Sie formte mich obsi – aufwärts zu wachsen – Steiles überwindend, mit den kurzen Stummelbeinchen immer weiter, den Lebenshang hoch.
Ein Leben zwischen Stall- und Kirchgang
Zu wissen, woher sie kamen, half mir, Verständnis für meine Grosseltern zu haben: Sie hatten ein sehr einfaches, entbehrungsreiches Leben. Für sie gab es weder Freizeit noch Luxus. «Arbeite und bete» war der Familienspruch.
Ich hätte nicht mit meiner Mutter, meinen Tanten und dem Onkel tauschen wollen.
Zwischen Stall- und Kirchgang gab es kaum Platz für Kindheit.
Als Grosskind hatte ich es da um Welten besser. Als Grosskind gab es genug Zeit zum Wundern und Staunen und Innehalten.
Man nimmt es, wie es kommt
Im Thal schmilzt der Schnee langsamer als draussen. Während sich draussen die Zeiten ändern, bleiben sie hier hinten lange gleich.
Ich glaube, das hat den Muotathalern einen pragmatischeren Umgang mit dem Leben beschert.
Man kann es sowieso nicht ändern. Also nimmt man es, wie es kommt.
Die Wege des Lebens gleichmütig begangen
Im Thal gibt’s den Ausspruch: «Ä altä Maa hed Griffschuä aaghaa bim Schtäärbä: äs gang etz dä nidsi!» – Ein alter Mann hatte Schuhe mit Steigeisen an beim Sterben, es gehe jetzt dann abwärts.
Dieser augenzwinkernde Vergleich ist typisch[2] für die Muotathaler und bedeutet
dass man die Wege des Lebens gleichmütig und im besten Fall mit einer Prise trockenem Humor begeht.
Die ewige Ruhe bei Gott
Bis heute denke ich besonders in Abwärtszeiten ans verstorbene Mueti und ihre nüchterne Art:
«Durobsi isch äs au nüüd immer äifacher as durnidsi, aber as Ziiel choo simmer letschtäntli nu eister fröhli.»[3]
Im Muotathal spiegelt sich das Leben in einem stetigen Auf und Ab wider. Weder das eine noch das andere ist einfacher.

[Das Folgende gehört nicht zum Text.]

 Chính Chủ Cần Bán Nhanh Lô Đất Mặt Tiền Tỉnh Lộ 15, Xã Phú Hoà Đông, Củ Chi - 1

Tägliche Herausforderungen, unerwartete Wendungen und neue Perspektiven gehören zum Leben dazu.
Und schliesslich, als Abschluss von allem, folgt die eebig Ruä (die ewige Ruhe), wie es meine tiefgläubigen Grosseltern formulierten. Ich finde das ein erleichterndes Lebensziel.
Beitragsbild zur Verfügung gestellt von Anita Brechbühl: Travelita – Reiseblog aus der Schweiz
Sarah Staub ist Pfarrerin in der evangelisch-methodistischen Kirche Schweiz. Sie veröffentlicht bei RefLab in loser Folge Artikel rund um die Theologie der Behinderung und ihre eigenen Erfahrungen damit. Im Text «Frühlingshoffnung»schreibt sie über neue Hoffnung nach einer Depression, im Text «von grossem Mut und winzigen Mütchen» über den Mut, immer wieder etwas zu wagen.Auf Instagram postet sie als «die fromme Häretikerin» regelmässig Illustrationen und Texte.

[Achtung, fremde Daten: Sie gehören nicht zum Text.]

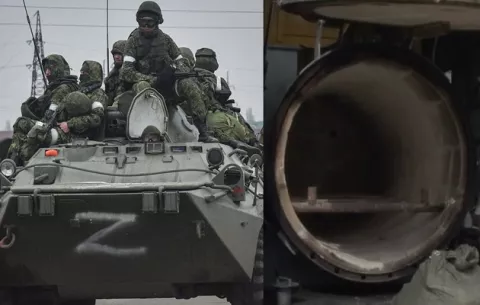 Advierten que Rusia podría usar crematorios móviles  para ocultar su estela de bajas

[1] Wer sich für den speziellen Dialekt interessiert: Interview von SRF mit Kaplan Alois Gwerder, Herausgeber des Muotathaler Wörterbuchs. «SRF bi de Lüt – Unser Dorf im Muotathal». «SRF Kurioses vom Land – Der Fakir aus dem Muotathal».
[2] Die Muotathaler sind bekannt für ihren prägnanten Humor. Interessiert? Wie wärs mit einem Besuch im bekannten Theater Muotathal oder einer Wanderung auf dem Witzwanderweg?
[3] Aufwärts ist es auch nicht immer einfacher als abwärts, aber ans Ziel sind wir letztendlich noch immer irgendwie gekommen.